[Stored data Boundary: Start]

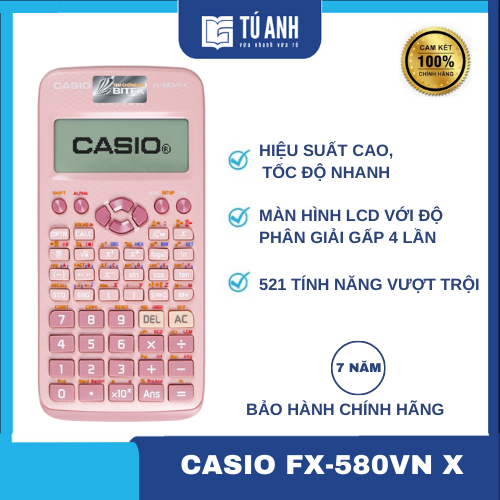 Máy Tính Khoa Học Casio FX-580VN X [ Sản phẩm chính hãng ]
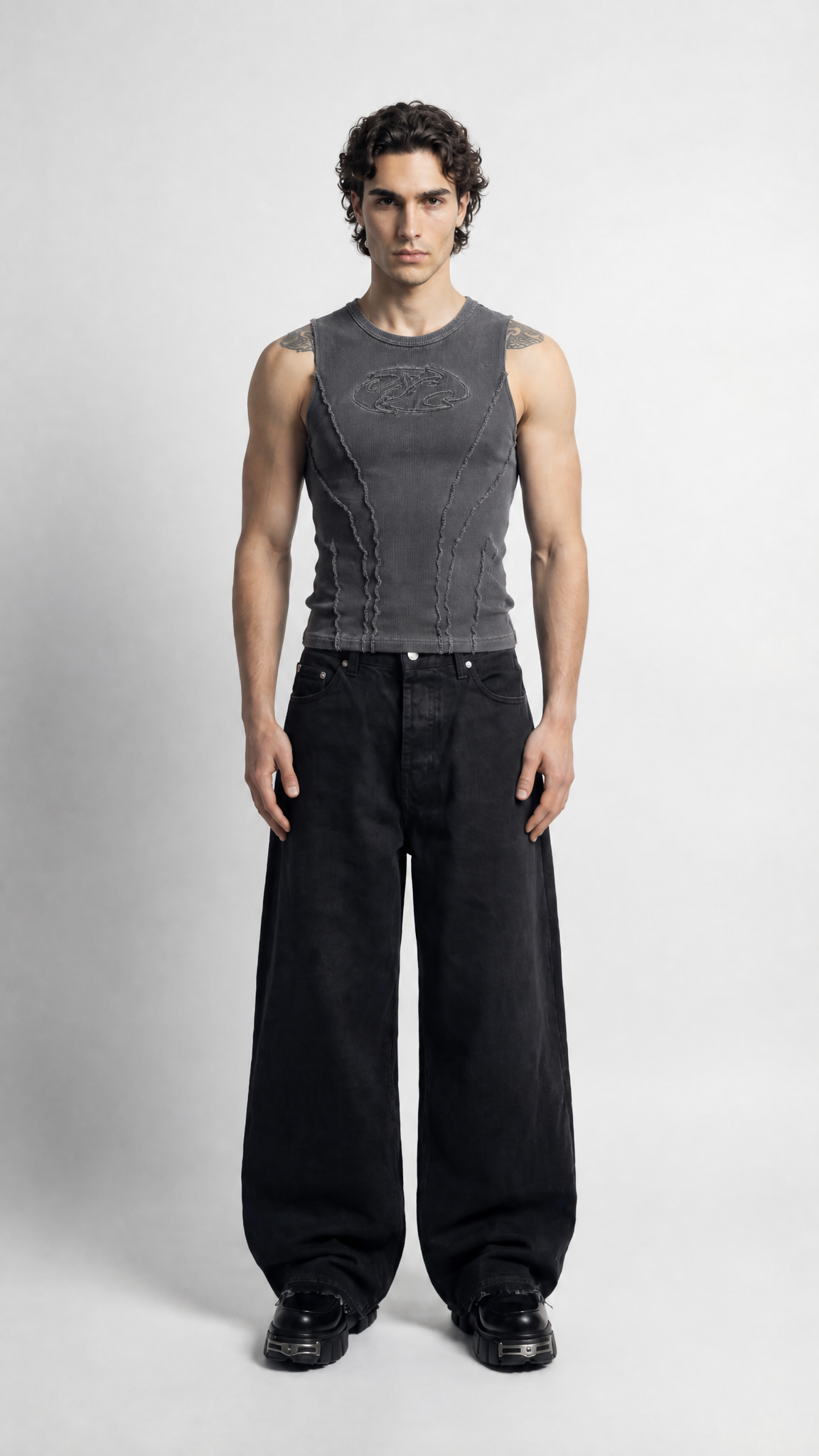 UNSEEN-Studios Opium Ribbed Tank Top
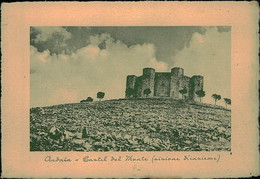 ANDRIA - CASTEL DEL MONTE - VISIONE D'INSIEME - FOTO MALGHERINI - 1950s (14511) - Andria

[Stored data Boundary: End]

* Task item *
Write out the listing above exactly as it stands, pictures excluded.

* Task answer *
 Máy Tính Khoa Học Casio FX-580VN X [ Sản phẩm chính hãng ]
 UNSEEN-Studios Opium Ribbed Tank Top
 ANDRIA - CASTEL DEL MONTE - VISIONE D'INSIEME - FOTO MALGHERINI - 1950s (14511) - Andria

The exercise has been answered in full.